What I'm realizing about the NaPoWriMo daily poem exercise is that, as William Stafford said, you have to write the bad poems to get to the good poems. Of course, you don't have to show anyone the bad poems, but it's still disheartening some mornings to begin what you know in your bones will be a truly mediocre, necessary piece of writing. A piece of writing that defies form, vaguely or precisely reaches for the unreachable, reveals your lack of vocabulary and taste, and trivializes the vital, or even worse, tries to vitalize the trivial.
I am beset by dilemmas I could blame every April: the need to finish a play, do my taxes, compose graduation poems for my favorite school (a chore that comes every April, yet doesn't yield poems I can really count for NaPo, thus doubling my poetic duties). But really I can blame nothing but my as-yet undeveloped instrument for failing to channel the inspiration, whatever small muse might be whispering to me, excellently.

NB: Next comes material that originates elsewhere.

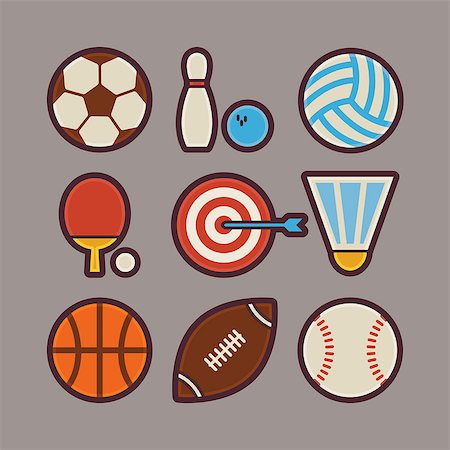 Vector Sport Items Modern Flat Icons Set. Sports and Activities App Web Elements Collection. Team Games. Colorful Elements for Mobile Game and Web Application Stock Photo - Budget Royalty-Free & Subscription, Code: 400-08194865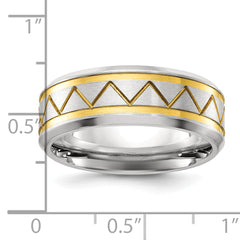 Chisel Titanium Brushed and Polished Yellow IP-plated 8mm Band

For my shortcomings, I read great poets. Making my way through the complete Dickinson and Donne at the moment. To die happy would be to write lines like:
"Hope" is the thing with feathers --
That perches in the soul --
And sings the tune without the words --
And never stops -- at all --
Batter my heart, three person'd God; for, you
As yet but knocke, breathe, shine and seeke to mend;
That I may rise, and stand, o'erthrow mee,' and bend
Your force to breake, blowe, burn and make me new.